Image-caption web data

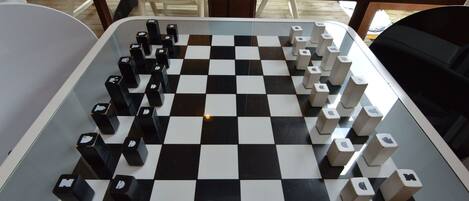 A checkered game board with black and white pieces, set on a table in a room with large windows.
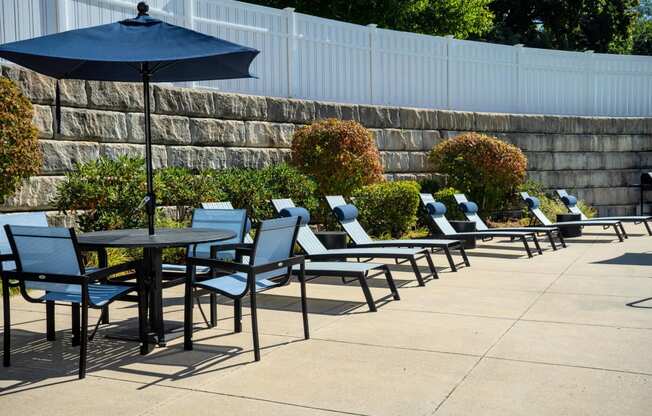 an outdoor patio with tables and chairs and an umbrella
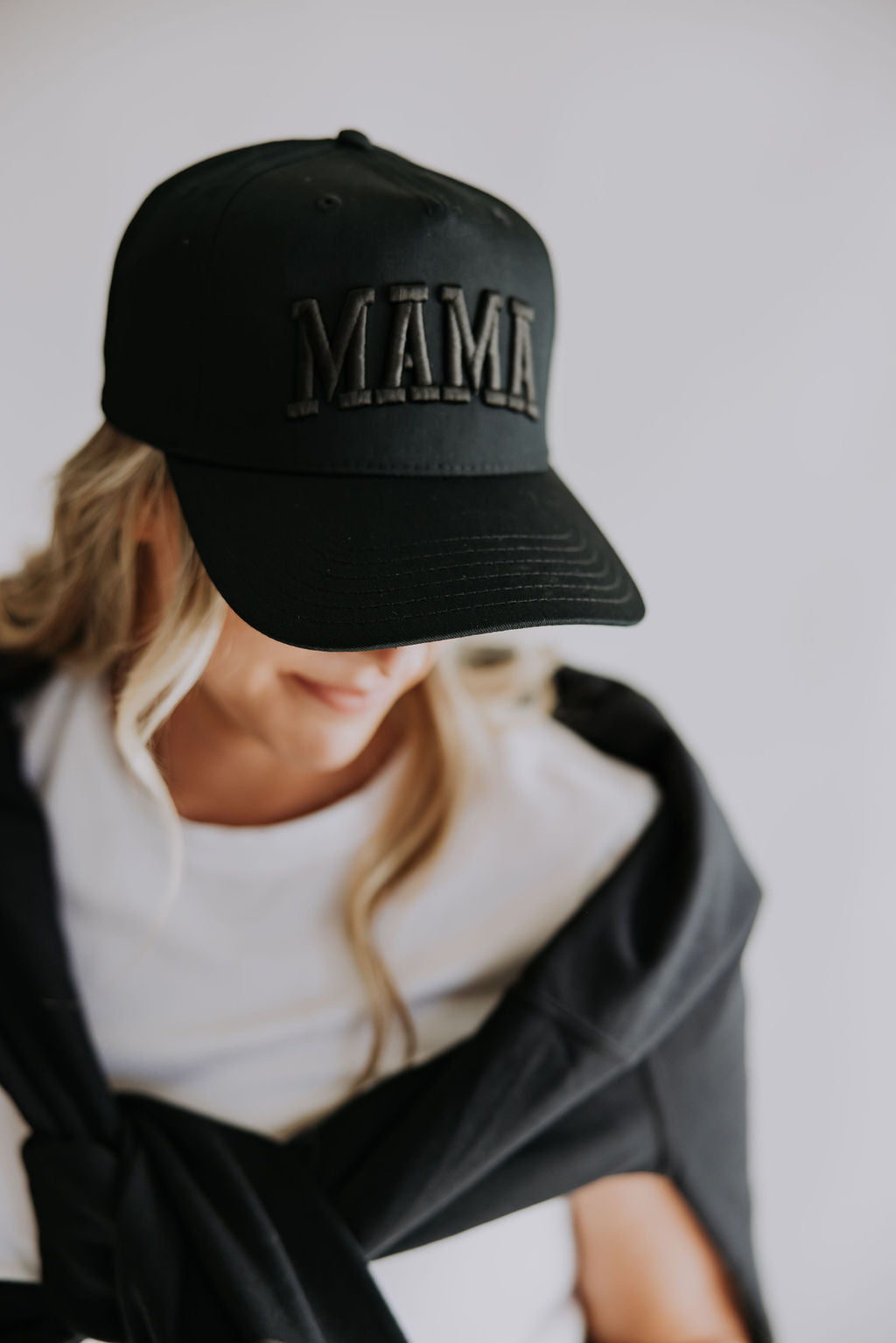 A person with long blonde hair wears the Mama X™ Brand Mama black on black Trucker Hat with 3D embroidery. Their face is partly hidden by the cap, paired with a white shirt and black jacket over their shoulders against a plain background.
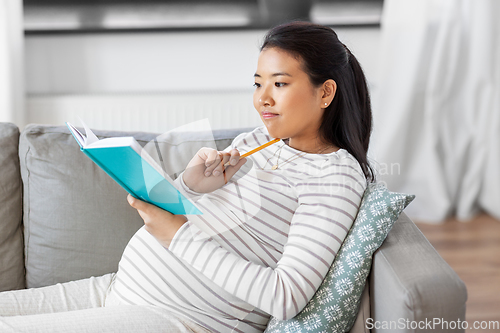 Image of pregnant woman writing to diary at home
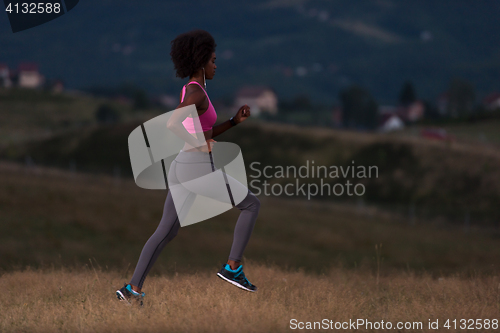 Image of Young African american woman jogging in nature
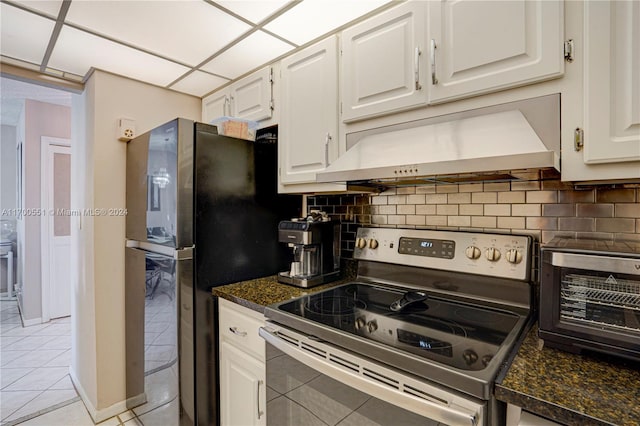 kitchen featuring white cabinets, light tile patterned floors, electric range, and tasteful backsplash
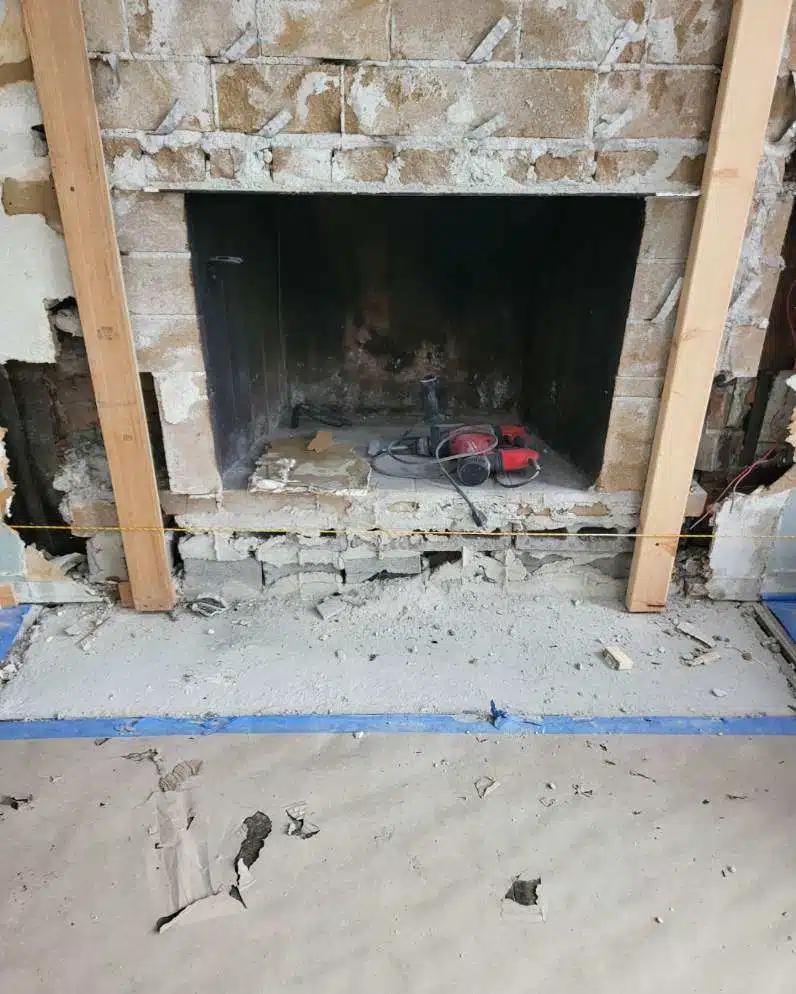 An in progress image of the removal of the old fire place.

Exercise prompt: All records are to be reproduced exactly; the pictures are to be omitted.

Answer section:
 A checkered game board with black and white pieces, set on a table in a room with large windows.
 an outdoor patio with tables and chairs and an umbrella
 A person with long blonde hair wears the Mama X™ Brand Mama black on black Trucker Hat with 3D embroidery. Their face is partly hidden by the cap, paired with a white shirt and black jacket over their shoulders against a plain background.
 Image of pregnant woman writing to diary at home
 Image of Young African american woman jogging in nature
 kitchen featuring white cabinets, light tile patterned floors, electric range, and tasteful backsplash
 An in progress image of the removal of the old fire place.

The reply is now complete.